Saturday, 27 October 2012

Badger Cull in Parliament

On Tuesday Tracey Crouch raised the following point (annotated whilst watching I-player)

As a member on this side of the house who is against the cull can I welcome the Secretary of State's announcement today but I have to say Mr Speaker it was upsetting to see members opposite laughing throughout the Secretary of state's announcement when Bovine TB has such a devestating effect on our farmers. However will the Secretary of state accept that the proposed cull will reduce BTB by 16% and if anything spread and increas the disease across the UK and will he instead reconsider his decission to start the cull next year and instead focus all of his efforts on developing and approving a cattle vacination as soon as possible?

The response was a bit of a brush off but I will disect that afterwards. (Copied from Hansard)

I am glad I have a few months to try and swing my hon. Friend round to my point of view, and I am sorry that she does not support it at the moment. I would not dismiss a 16% reduction in bovine TB in the light of a horrendous annual increase—we are looking at a 25% increase in the disease in the outlying areas. My hon.
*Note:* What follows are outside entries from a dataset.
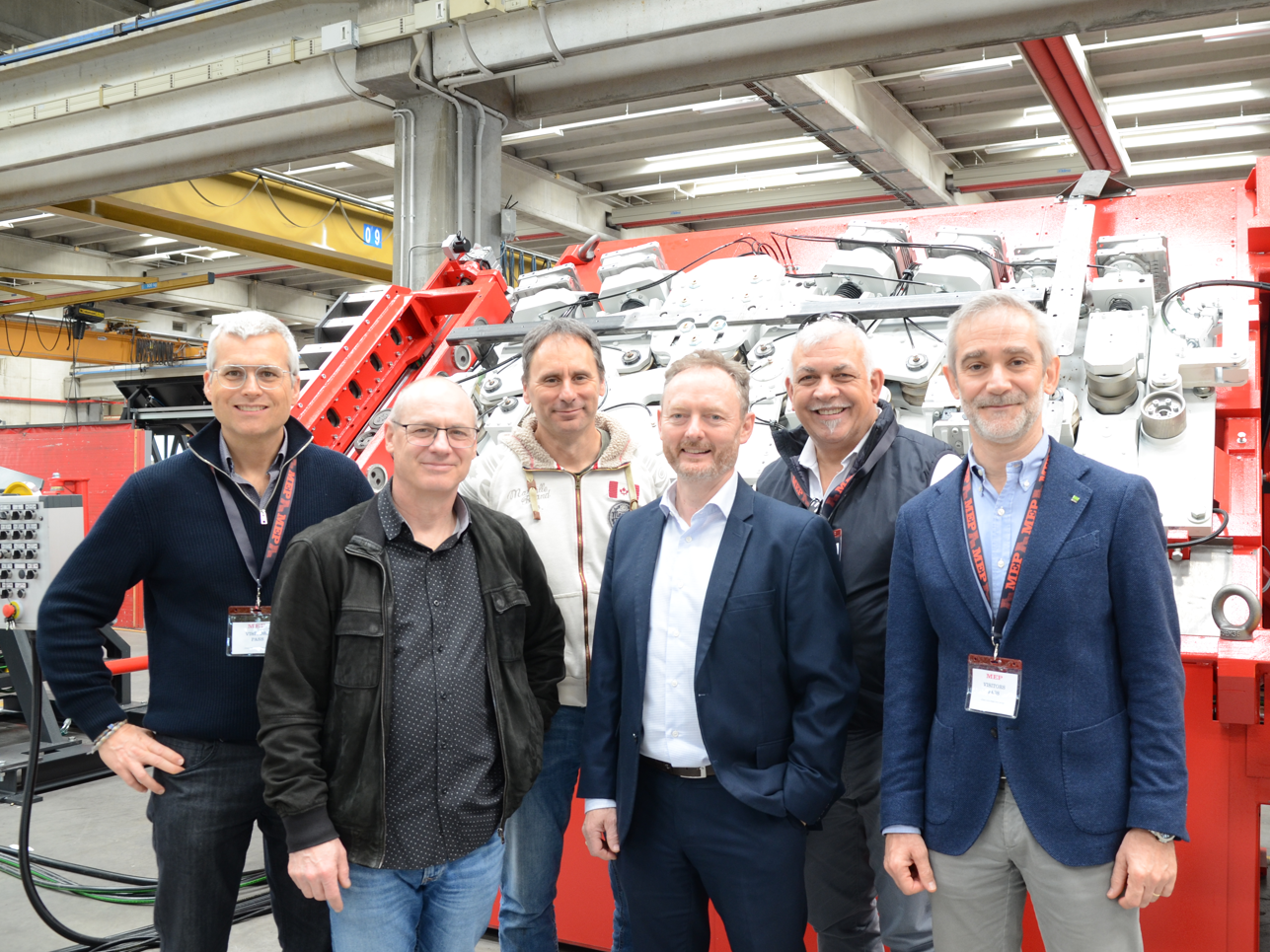 Anwenderbericht: Neue Antriebstechnik für die Bewehrungsstahlverarbeitung MEP–KEBA-Team. In der Mitte (mit weißem Hemd): Giles Haysom, Procurement Director MEP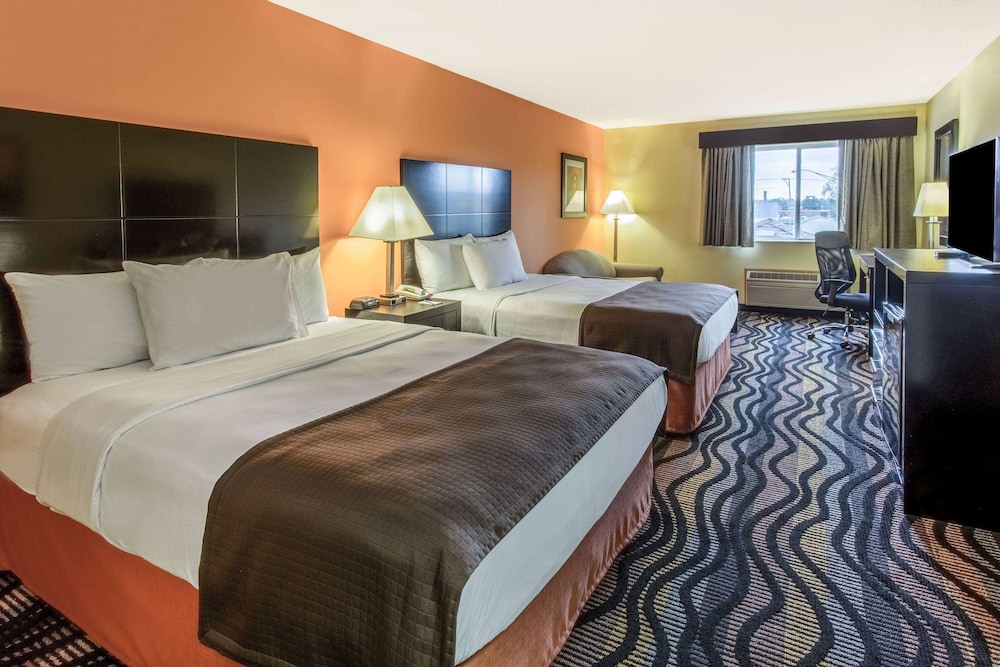 AmericInn by Wyndham Streator - photo 13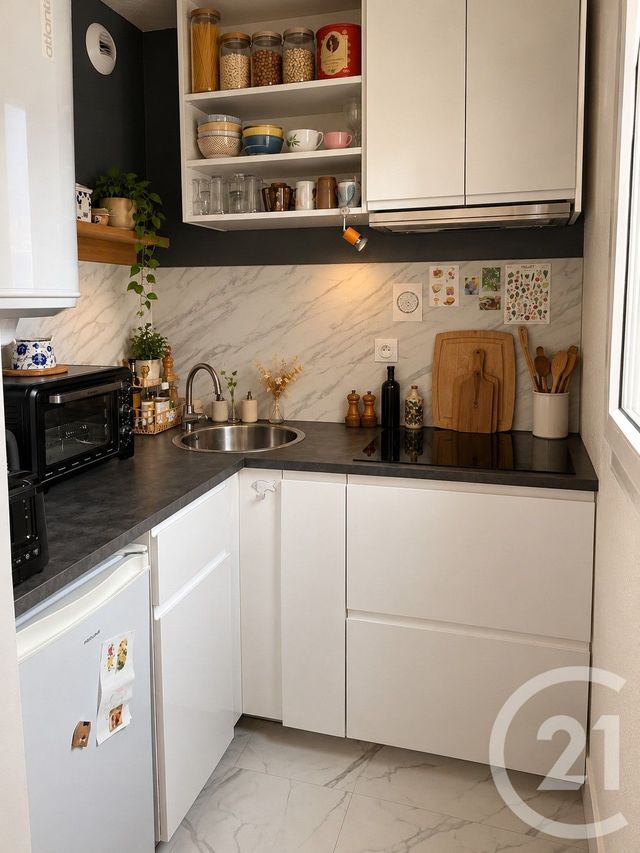Appartement F1 à louer - 1 pièce - 26.36 m2 - TALENCE - 33 - AQUITAINE - Century 21 Kadima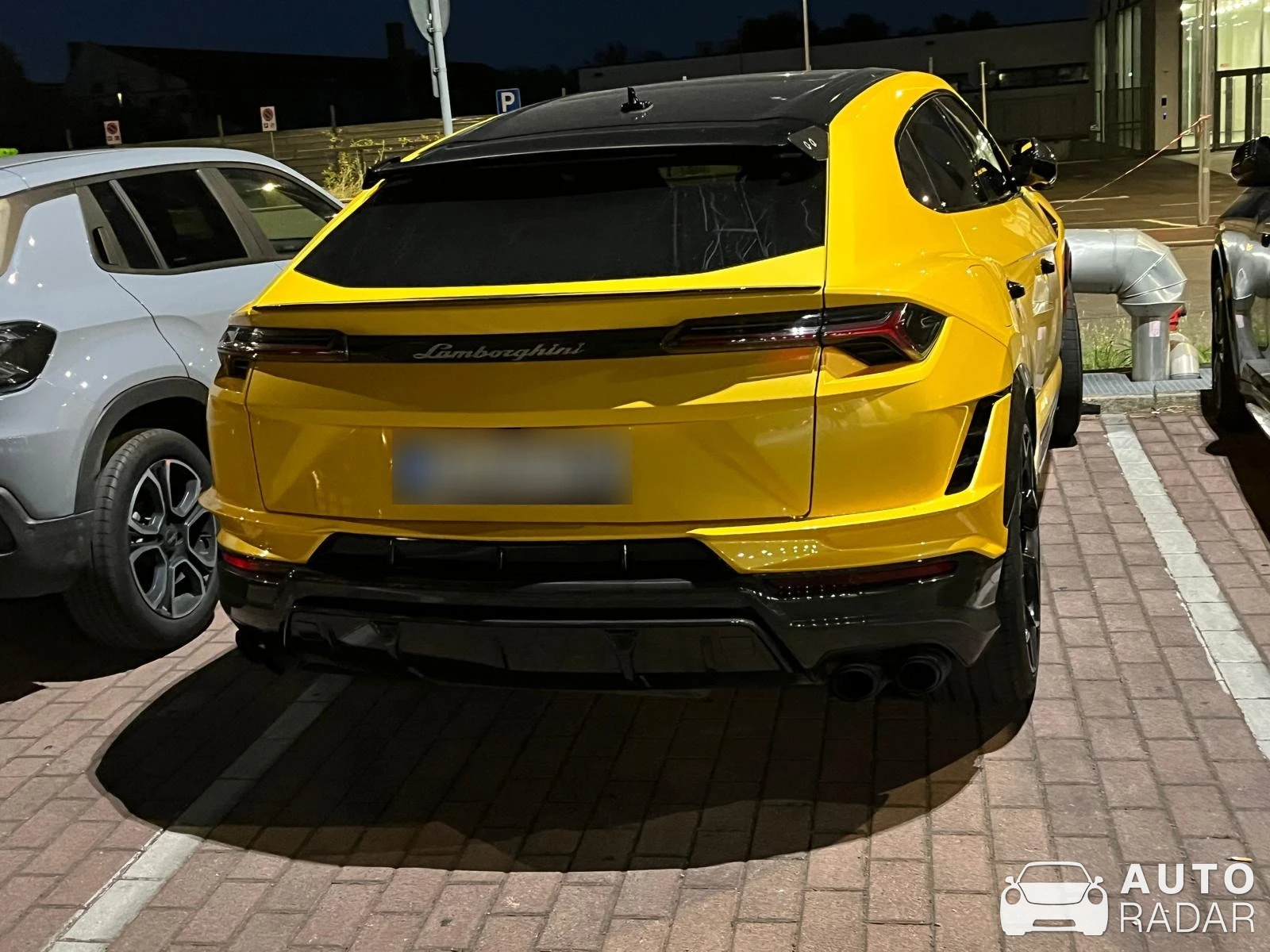 Lamborghini Urus Performante spotted in Busto Arsizio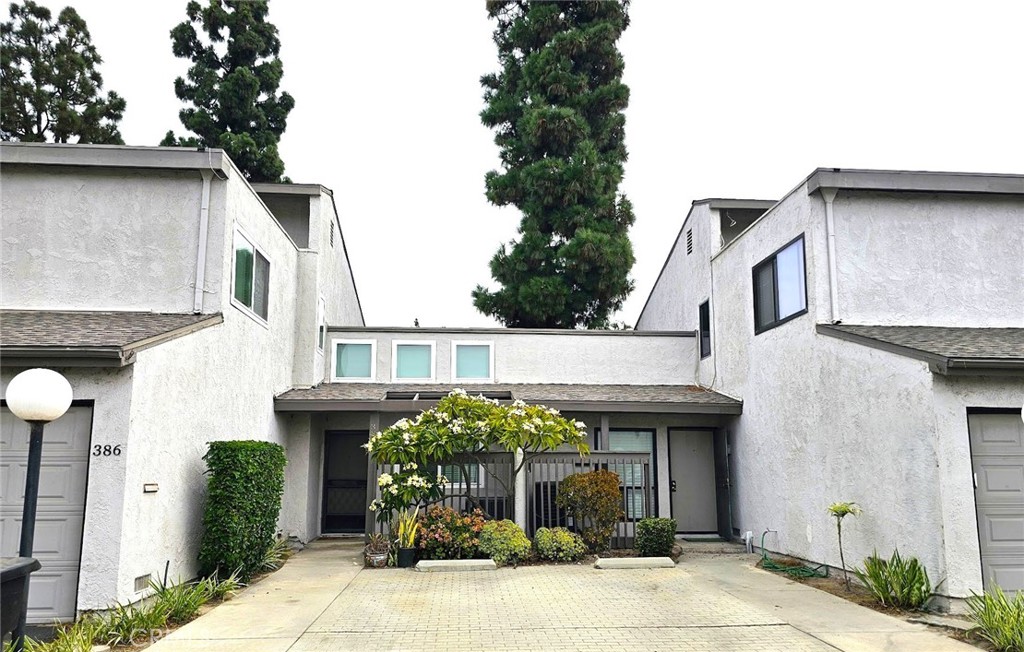 Discover this inviting 3 bedroom townhouse featuring 1 full bathroom and 1 half bathroom, offering both comfort and functionality. The home boasts a spacious dining area and an airy living room with impressive cathedral ceiling, creating a warm and open atmosphere. Step out to a private backyard, which leads directly to the outside area, perfect for relaxing, or enjoying the outdoors. Beat the summer heat with access to the community swimming pool, just steps from your door. Enjoy the convenience of an attached 2-car garage plus one permitted outdoor parking space.
HOA covers water, trash, yard, and pool upkeep so you can spend less time worrying about chores and more time enjoying your home.
Whether you're searching for your next home or a smart investment opportunity, this property offers the ideal combination of space, location, and lifestyle.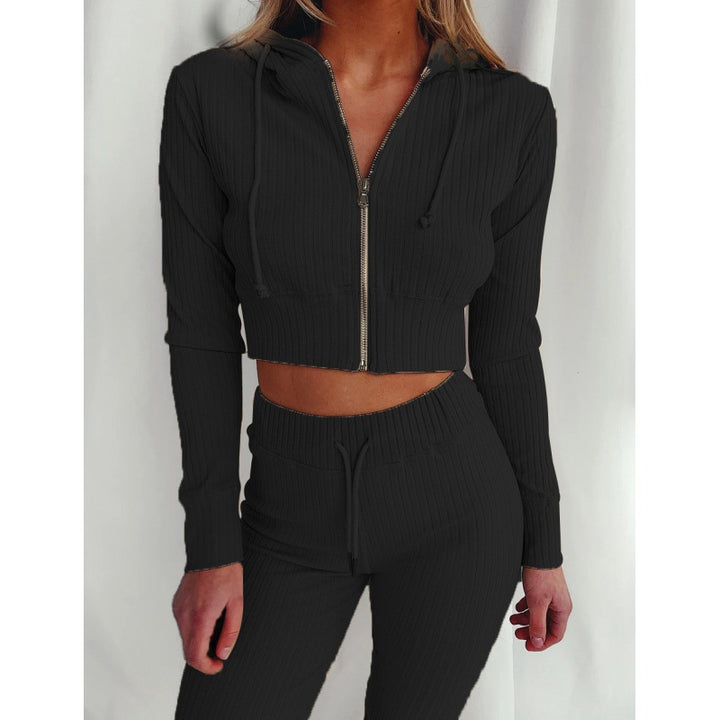 Ensemble de hoodie court sportif pour femmes avec un design en fines côtes et un grand confort de port Chic & Stil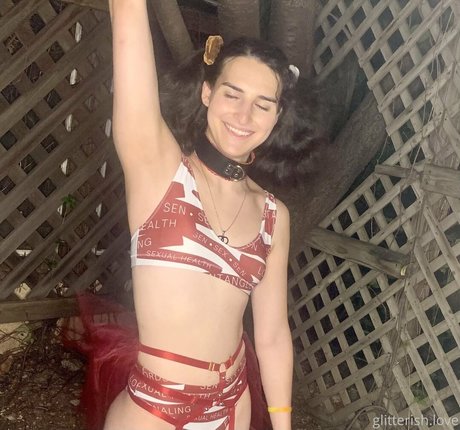 glitterishhh model erotic pictures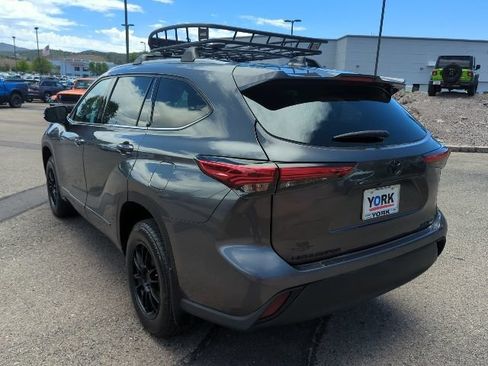 Used 2022 Toyota Highlander XLE AWD/4WD image 6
Friend, and Opposition Members, keep sniffing at the figure of 16% but, as one member of the farming community said, they would not sniff at a wage increase of 16% and it is a significant number. The Government believe that we will arrest the dramatic increase in the disease, and start to bring it down.


So what is he saying?

Basically sticking to his guns and dismissing what Tracey and indeed opposition MPs were saying against the cull.

The debate continued Thursday with Tracey again coming out against the Cull. Her final comment hits the nail firmly on the head;

Reactive culling does not work. It will spread the disease—evidence suggests that it may even increase the incidence of the disease. So it is clear that the Government need to listen to the scientists and rethink their strategy.

Her point, again very well made. There does appear to be holes in the debate and that in my opinion should not have got this far.

There is always that odd dycotomy of people who think that the city folk do not understand the Countryside or the rural ways or that they get attached to fuzzy creatures being cute but this is not the case. As a former rural lad, (I grew up in Marden just off the Weald - I did notice Helen Grant, Maidstone & Weald's MP, who lives in the same village, was absent on Tuesday) I never understood the pros of fox hunting or reactive culling. On top of that are the statistics which are in Tracey's section of Hansard. If the majority of the disease is being spread from cattle to cattle and contracted from lots of other wildlife how can you just target the badger population? Citing other examples from around the world where similar measure had been tried and failed also showed the futility of the measure. It was clearly a knee jerk reaction that was short-termist and clearly the money would be better spent on vaccination and further research. After all, this isn't the dark ages.

Just like the 155 Bus route this is a shining example of campaigners and activists changing representatives mind's, in the case of Tracey, and have an impact on national Politics.

This is what Politics should be about and am genuinely pleased.